● EXERCISE AIM: Reproduction of part of the material below, pictures omitted: copy exactly, and only, the lines starting with the one with "Kiernan Shipka photo 23 of 2601" and going on through the one with "VARMBLIXT, LED wall".

● DATASET RECORDS:
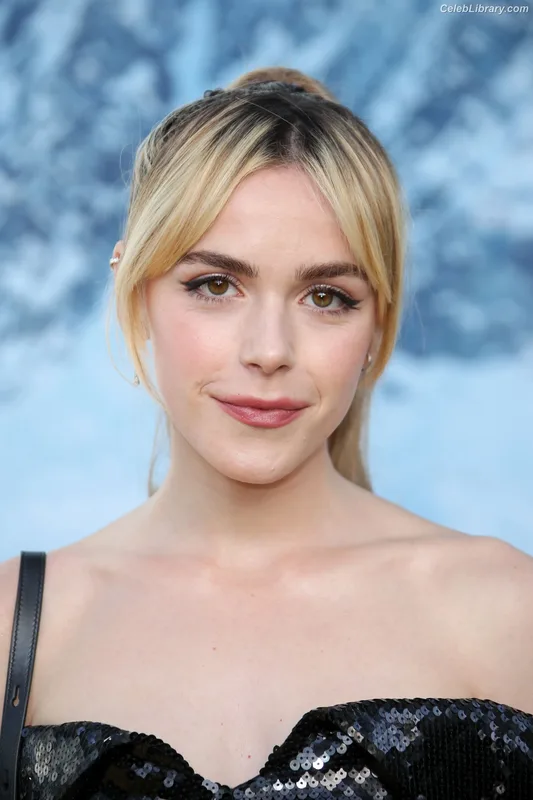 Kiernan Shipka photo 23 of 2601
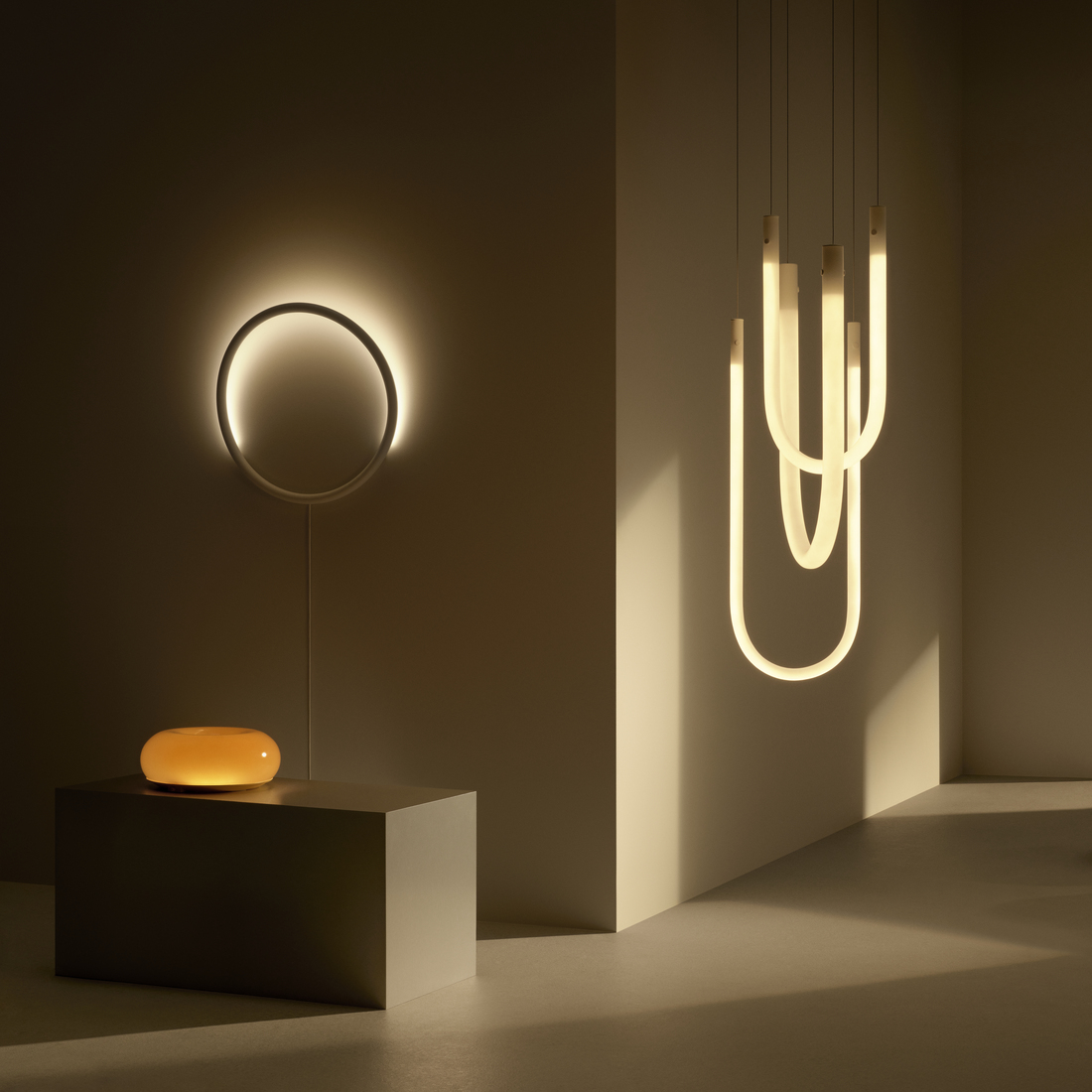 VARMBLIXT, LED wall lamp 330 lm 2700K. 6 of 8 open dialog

* * *

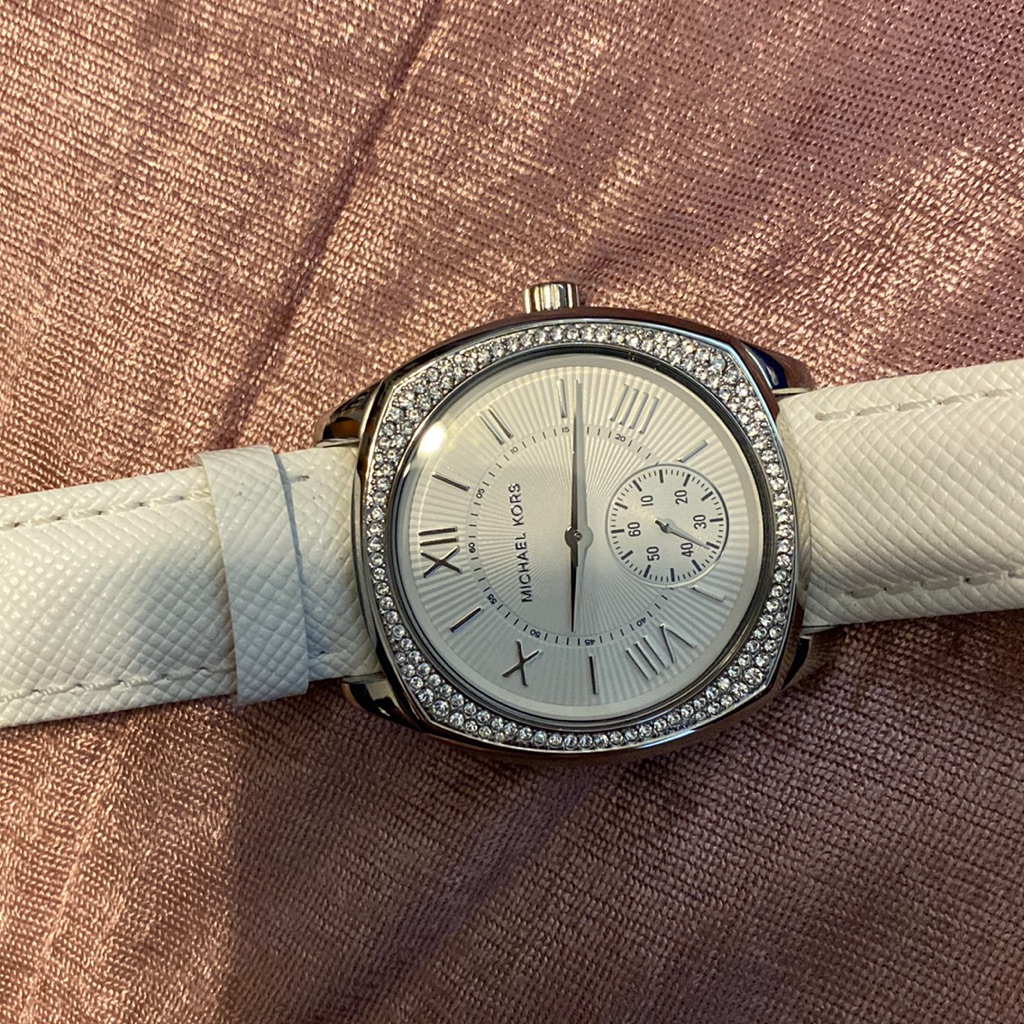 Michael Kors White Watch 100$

==

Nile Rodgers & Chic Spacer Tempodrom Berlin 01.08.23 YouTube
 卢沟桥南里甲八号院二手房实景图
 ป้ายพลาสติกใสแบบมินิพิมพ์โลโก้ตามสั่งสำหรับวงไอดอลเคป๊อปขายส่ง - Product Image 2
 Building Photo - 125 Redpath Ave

● RESULT OF THIS EXERCISE:
 Kiernan Shipka photo 23 of 2601
 VARMBLIXT, LED wall lamp 330 lm 2700K. 6 of 8 open dialog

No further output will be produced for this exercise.